### ASSIGNMENT
Print the data that follows word for word, leaving out any picture.

### GIVEN INFORMATION
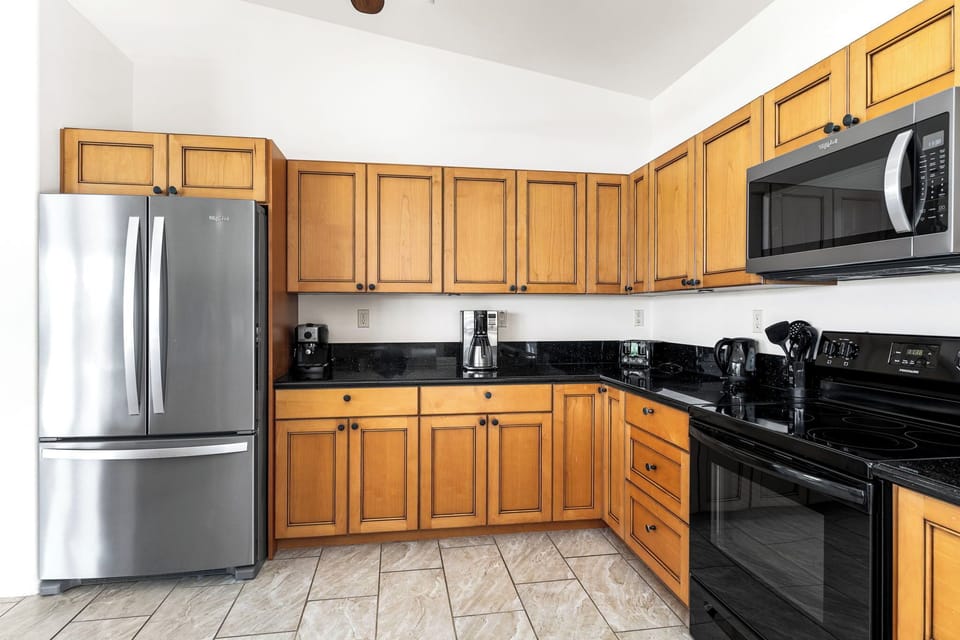 Whip up your favorite meals in this fully equipped kitchen, featuring stainless steel appliances, ample counter space, and everything you need to feel right at home.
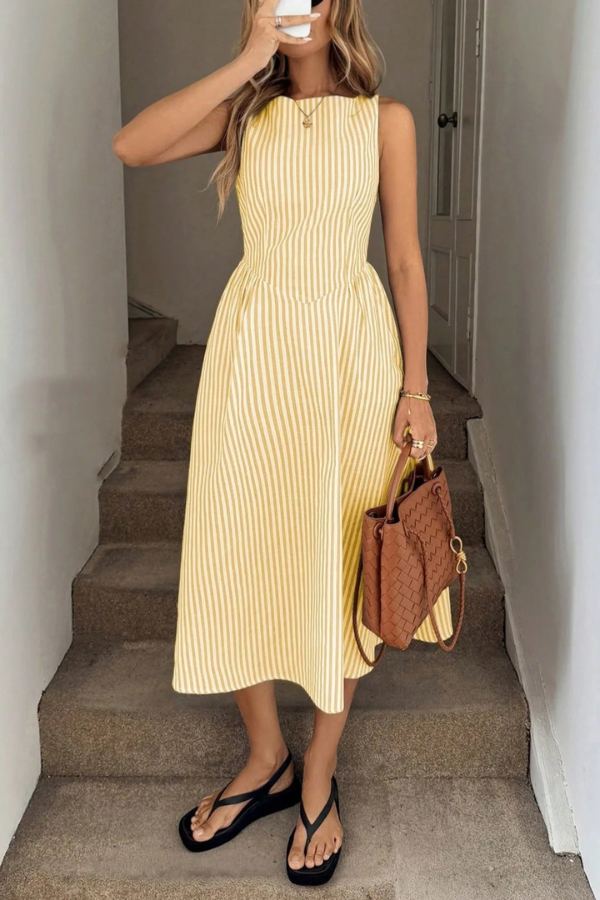 Chic women's striped pleated midi dress with a halter neck, ideal for vacation, beach, or summer parties.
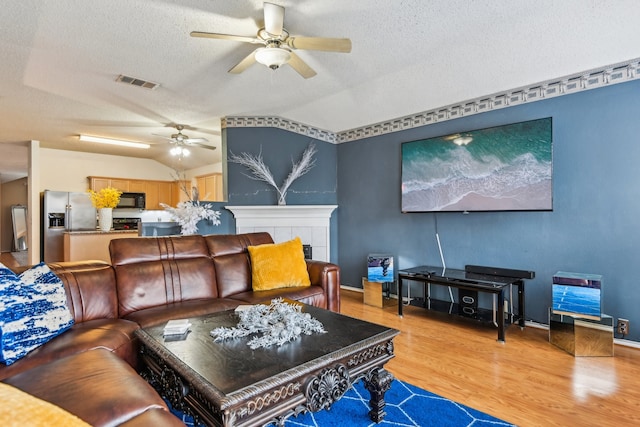 living room featuring a textured ceiling, a tiled fireplace, ceiling fan, lofted ceiling, and light hardwood / wood-style flooring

### EXPECTED OUTPUT
 Whip up your favorite meals in this fully equipped kitchen, featuring stainless steel appliances, ample counter space, and everything you need to feel right at home.
 Chic women's striped pleated midi dress with a halter neck, ideal for vacation, beach, or summer parties.
 living room featuring a textured ceiling, a tiled fireplace, ceiling fan, lofted ceiling, and light hardwood / wood-style flooring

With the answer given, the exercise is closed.